EXERCISE :: In the records below, repeat exactly the lines between the line holding "siblings playing icon, siblings" and the line holding "Poster Vintage Art Orange Red Poppies posters", inclusive, and drop the pictures.

DATA UNDER STUDY ::
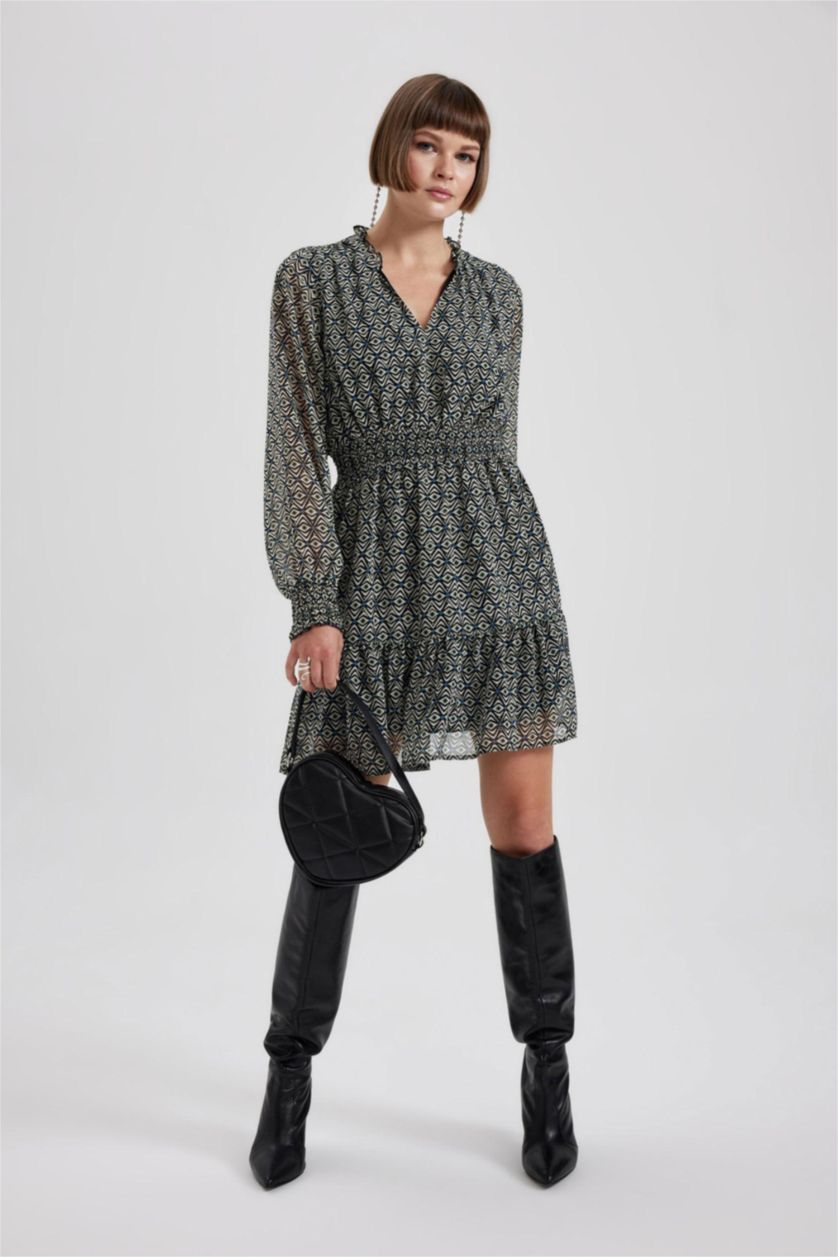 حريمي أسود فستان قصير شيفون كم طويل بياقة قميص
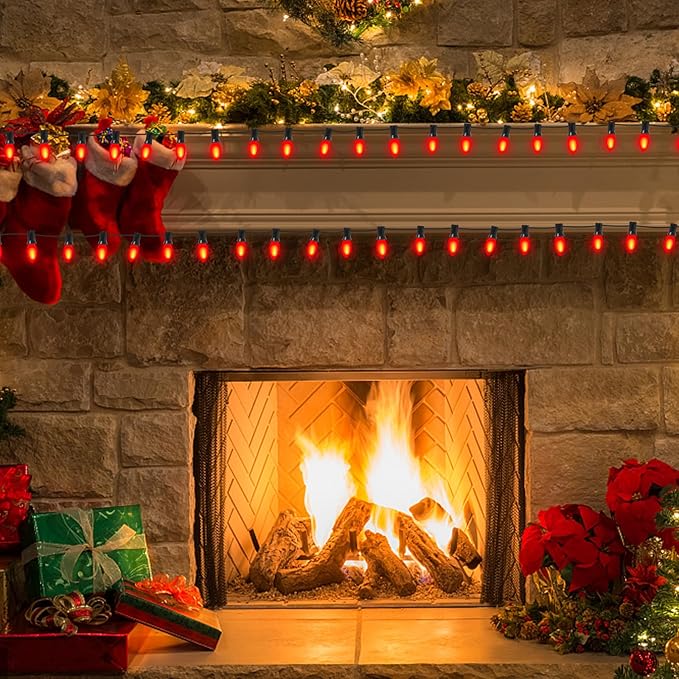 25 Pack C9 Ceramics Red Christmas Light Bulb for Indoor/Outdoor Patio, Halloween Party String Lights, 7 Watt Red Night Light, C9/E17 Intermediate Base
==
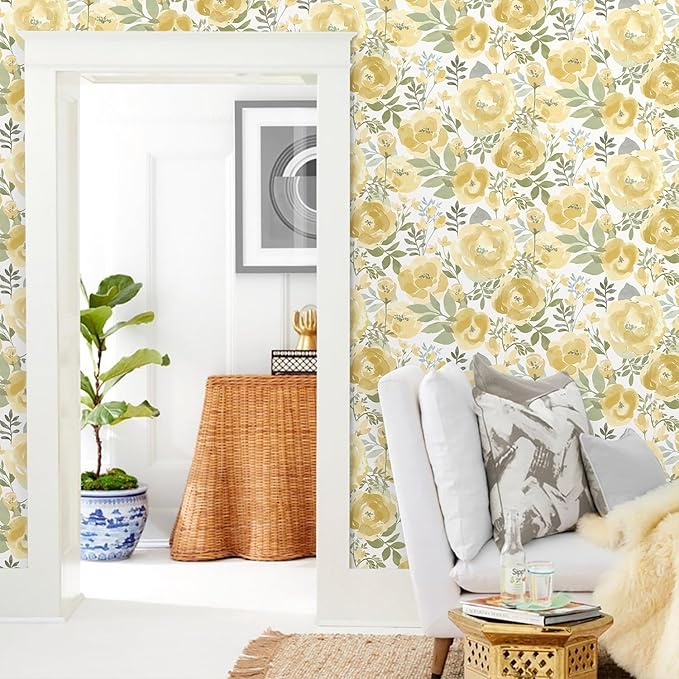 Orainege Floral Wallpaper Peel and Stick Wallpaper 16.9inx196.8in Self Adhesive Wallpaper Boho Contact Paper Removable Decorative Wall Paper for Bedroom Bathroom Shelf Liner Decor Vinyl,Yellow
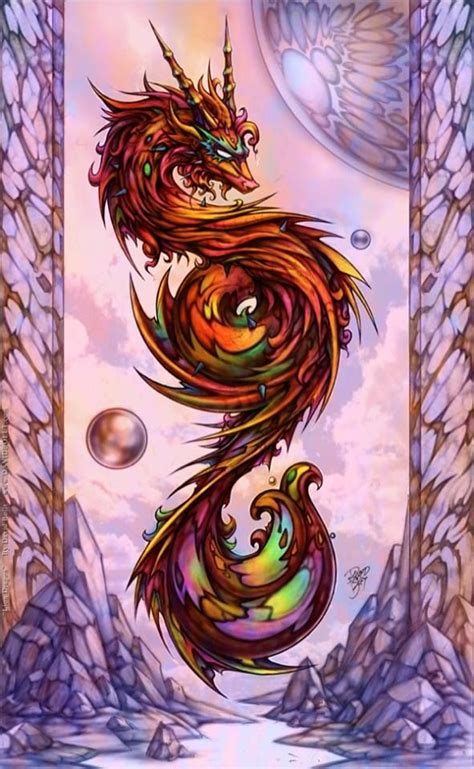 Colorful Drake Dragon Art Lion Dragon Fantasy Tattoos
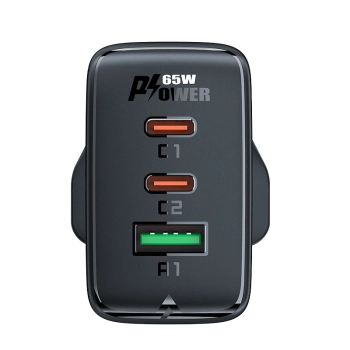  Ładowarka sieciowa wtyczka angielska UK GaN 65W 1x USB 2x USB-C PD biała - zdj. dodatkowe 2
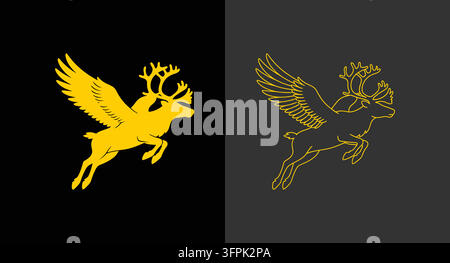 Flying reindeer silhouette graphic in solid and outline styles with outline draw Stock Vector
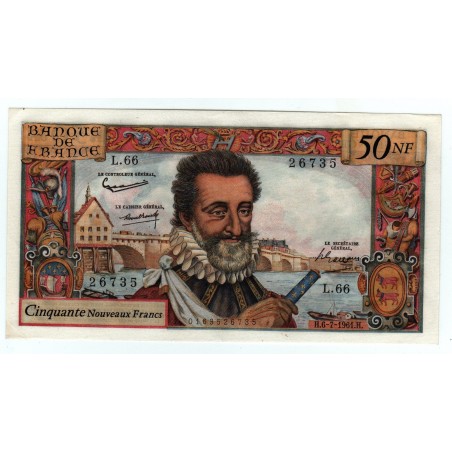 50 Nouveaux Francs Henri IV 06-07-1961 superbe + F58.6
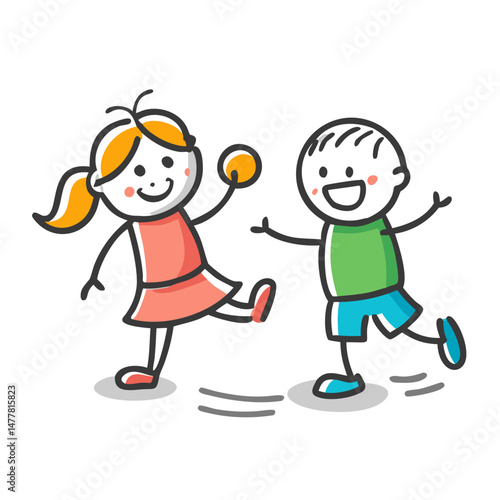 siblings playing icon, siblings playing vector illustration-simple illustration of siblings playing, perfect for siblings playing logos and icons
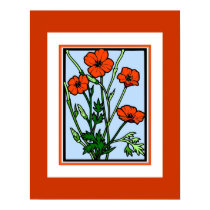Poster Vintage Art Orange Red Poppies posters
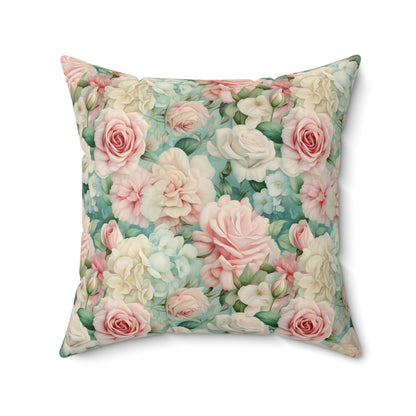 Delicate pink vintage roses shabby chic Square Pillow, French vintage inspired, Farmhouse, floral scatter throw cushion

WRITTEN RESPONSE ::
 siblings playing icon, siblings playing vector illustration-simple illustration of siblings playing, perfect for siblings playing logos and icons
Poster Vintage Art Orange Red Poppies posters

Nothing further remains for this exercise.